Done. No WTC plan. And OMA would go on to win the competition for CCTV.
So, OMA’s daredevil of a design will be a building that, from a liberal democracy standpoint, fundamentally subverts its program: a TV news station where the news is edited by the government.
Certainly, architects have served such “omnipotent masters” before, and a spate of growth in oil-rich fiefdoms of UAE are again showing what one can accomplish without cumbersome citizen review boards and democratic transparency. Koolhaas certainly isn’t alone in this.
Zaha Hadid, Hon. FAIA, wants to build cultural center in Azerbaijan, dedicated and named after now-deceased president Heydar Aliyev, a Soviet-style dictator that ruled the nation for 30 years through limiting press freedom and harassing and brutalizing dissidents. In 2003, Aliyev installed his son Ilham, who is commissioning the cultural center, as president of Azerbaijan. Human Rights Watch immediately reported that little had changed.
Buildng Design tells us that Daniel Libeskind, AIA, says he won't work for totalitarian regimes. "It bothers me when an architect has carte blanche with a site," he said during a speech in Belfast. "We don’t know if is there a public process — who owns this place, this home, this land?”
Koolhaas’s looping, cantilevered design (now under construction) will house a client with a long history of killing stories and repressing information deemed unfavorable to the Communist Party. When President Bush visited Kyoto, Japan in 2005 and chided the Chinese government about their lack of religious and political freedom, you didn’t hear about it on CCTV.

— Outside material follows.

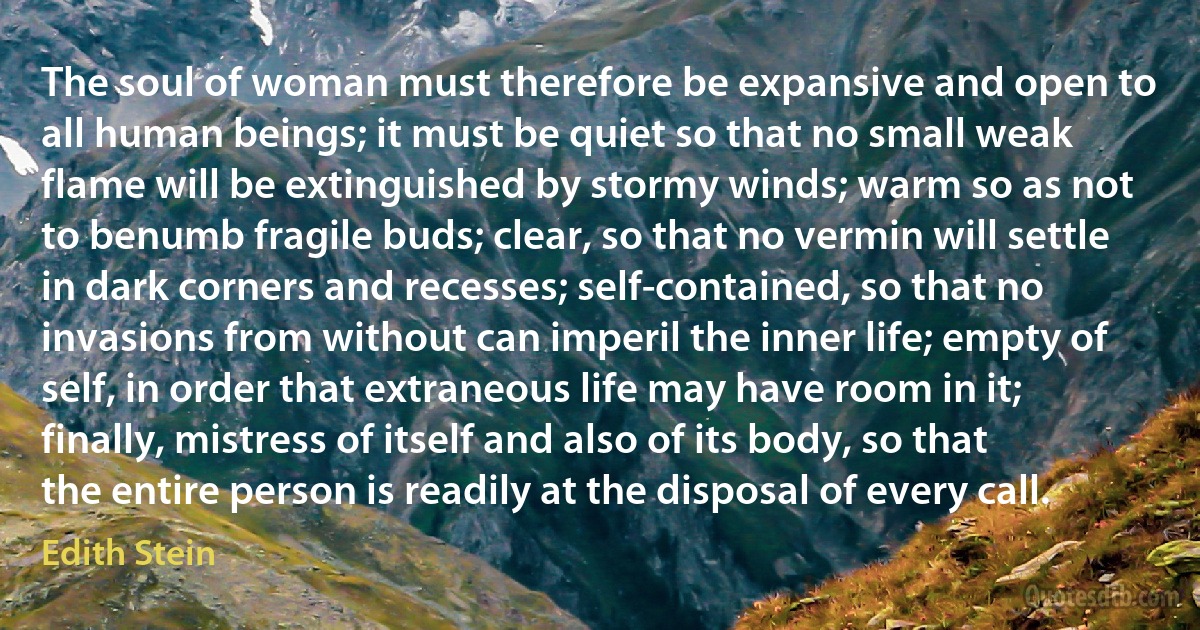 The soul of woman must therefore be expansive and open to all human beings; it must be quiet so that no small weak flame will be extinguished by stormy winds; warm so as not to benumb fragile buds; clear, so that no vermin will settle in dark corners and recesses; self-contained, so that no invasions from without can imperil the inner life; empty of self, in order that extraneous life may have room in it; finally, mistress of itself and also of its body, so that the entire person is readily at the disposal of every call. (Edith Stein)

True, CCTV (or any Chinese media outlet) is not monolithic in its support of anti-democratic press practices. It’s sometimes pit against government officials (and the “Propaganda Department” to which it reports) to defend its own interests. And Heydar is considered a national hero by some that helped to stabilize Azerbaijan after the dissolution of the Soviet Union, though some critics have argues that this type of development would only increase his cult of personality. But the question remains: What is the architect’s moral directive when building for a client that does not share your fundamental values on human rights?
It’s easy to make the case that these buildings will give their governments another tool of oppression and that makes the architect morally culpable, an enabler of an “Omnipotent Master.” But to indict an architect on these grounds requires a level of cultural imperialism that architecture has always been vulnerable to due to its sheer ubiquity. If Koolhaas and Hadid took the presumed high road and refused these commissions, wouldn’t they be imposing their own Western-style, liberal democracy values on parts of the world with vastly different cultures and traditions? Who are they to use their status as a designer to moralize about the role of the press and the legacy of a dead leader, respectively?
Of course, by designing these projects, they appear to be giving their clients tacit approval, and I would suspect that these architects would say that if they don’t build it, someone else will, so it’s up to them to make sure they produce the best design possible.
Is that good enough here? What are your ethical responsibilities when it comes to selecting clients?